“After the battle of Borodino,” said he in his memoirs, “I ceased to have recourse to little means to distract the people and occupy their attention. It required an extraordinary effort of the imagination to invent something that would excite the people. The most ingenious attempts do not always succeed, while the clumsy ones take a surprising effect. Among those of the latter kind there was a story after my fashion of which 5 thousand copies at one kopek a copy were sold in one day.”
The population of Moscow was in a peculiar moral condition. They were most superstitious, believed the most improbable reports and saw signs from heaven of the downfall of Napoleon.
“In the city,” writes Rostopchine, “rumors were current of visions, of voices which had been heard in the graveyards. Passages from the Apocalypsis were quoted referring to Napoleon’s fall.”
But Rostopchine himself, was he free from credulity? A German by the name of Leppich constructed, secretly, in one of the gardens of Moscow, a balloon by means of which the French army should be covered with fire, and some historians say that Rostopchine was one of the most enthusiastic admirers of Leppich.
As it may be interesting to learn how he was ahead of his time in regard to ideas about military balloons let us give the full statement of Popof on this matter.

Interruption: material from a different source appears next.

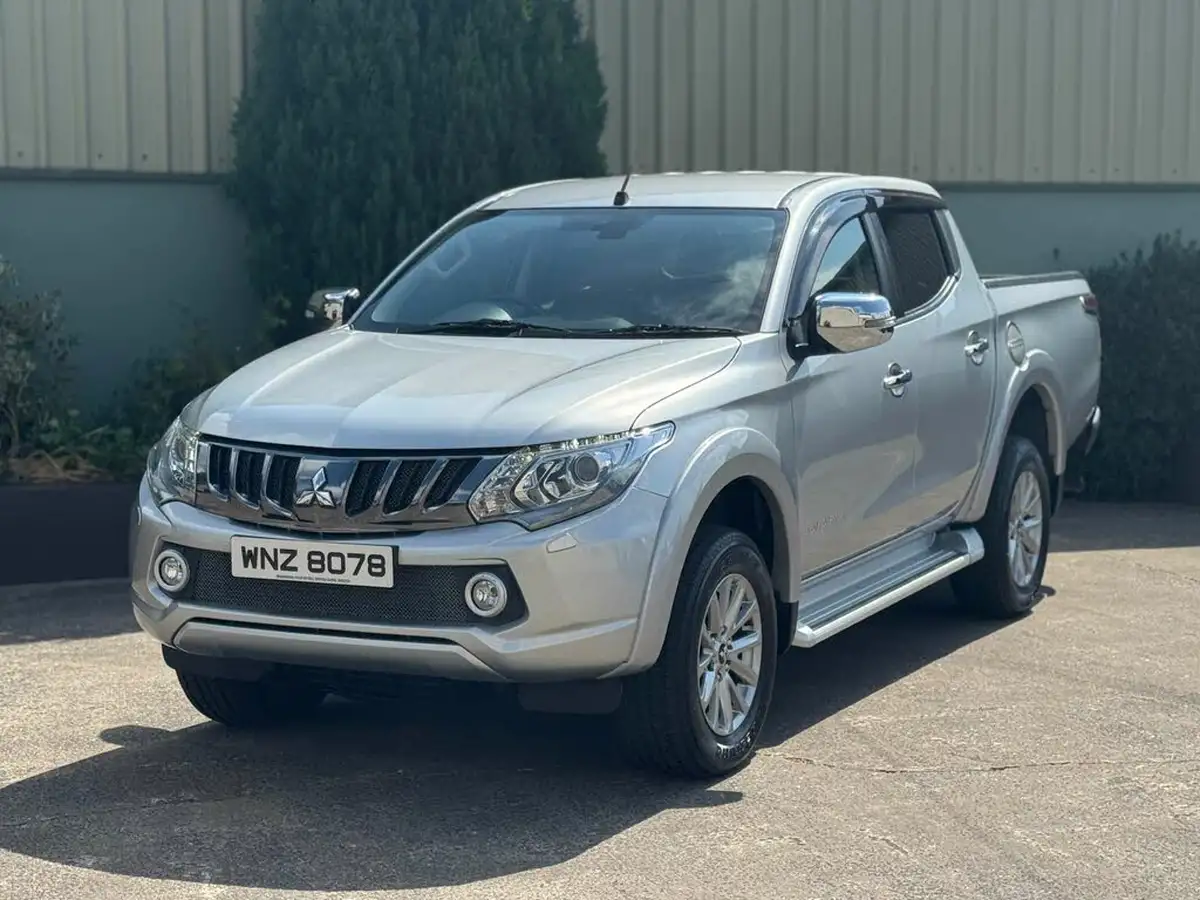2017-mitsubishi-l200-24di-d-barbarian-178bhp-eu6-big-4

In 1812 in Moscow it was exactly as in 1870 in Paris; everybody built hopes on the military airship, and expected that by means of a Greek fire from a balloon the whole army of the enemy would be annihilated. Rostopchine, in a letter dated May 7/19, 1812, gave an account to Emperor Alexander of the precautions he had taken that the wonderful secret of the construction of the airship by Leppich should not be revealed. He took the precaution not to employ any workmen from Moscow. He had already given Leppich 120 thousand rubles to buy material.

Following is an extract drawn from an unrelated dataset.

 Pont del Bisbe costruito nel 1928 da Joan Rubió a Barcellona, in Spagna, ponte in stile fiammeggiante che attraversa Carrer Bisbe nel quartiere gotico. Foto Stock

“To-morrow,” he writes, “under the pretext of dining with some one living in his vicinity I shall go to Leppich and shall remain with him for a long time; it will be a feast to me to become more closely connected with a man whose invention will render military art superfluous, free mankind of its internal destroyer, make of you the arbiter of kings and empires and the benefactor of mankind.”
In another letter to the emperor, dated June 11/23, 1812, he writes, “I have seen Leppich; he is a very able man and an excellent mechanician. He has removed all my doubts in regard to the contrivances which set the wings of his machine in motion (indeed an infernal construction) and which consequently might do still more harm to humanity than Napoleon himself. I am in doubt about one point which I submit to the judgment of your majesty: when the machine will be ready Leppich proposes to embark on it to fly as far as Wilna. Can we trust him so completely as not to think of treason on his part?” Three weeks later he wrote to the emperor “I am fully convinced of success. I have taken quite a liking to Leppich who is also very much attached to me; his machine I love like my own child. Leppich suggests that I should make an air voyage with him, but I cannot decide about this without the authorization of your majesty.”
On September 11th., four days before the evacuation, the fate of Moscow was decided. On that day at 10 o’clock in the forenoon the following conversation took place in the house of Rostopchine between him and Glinka.
“Your excellency,” said Glinka, “I have sent my family away.”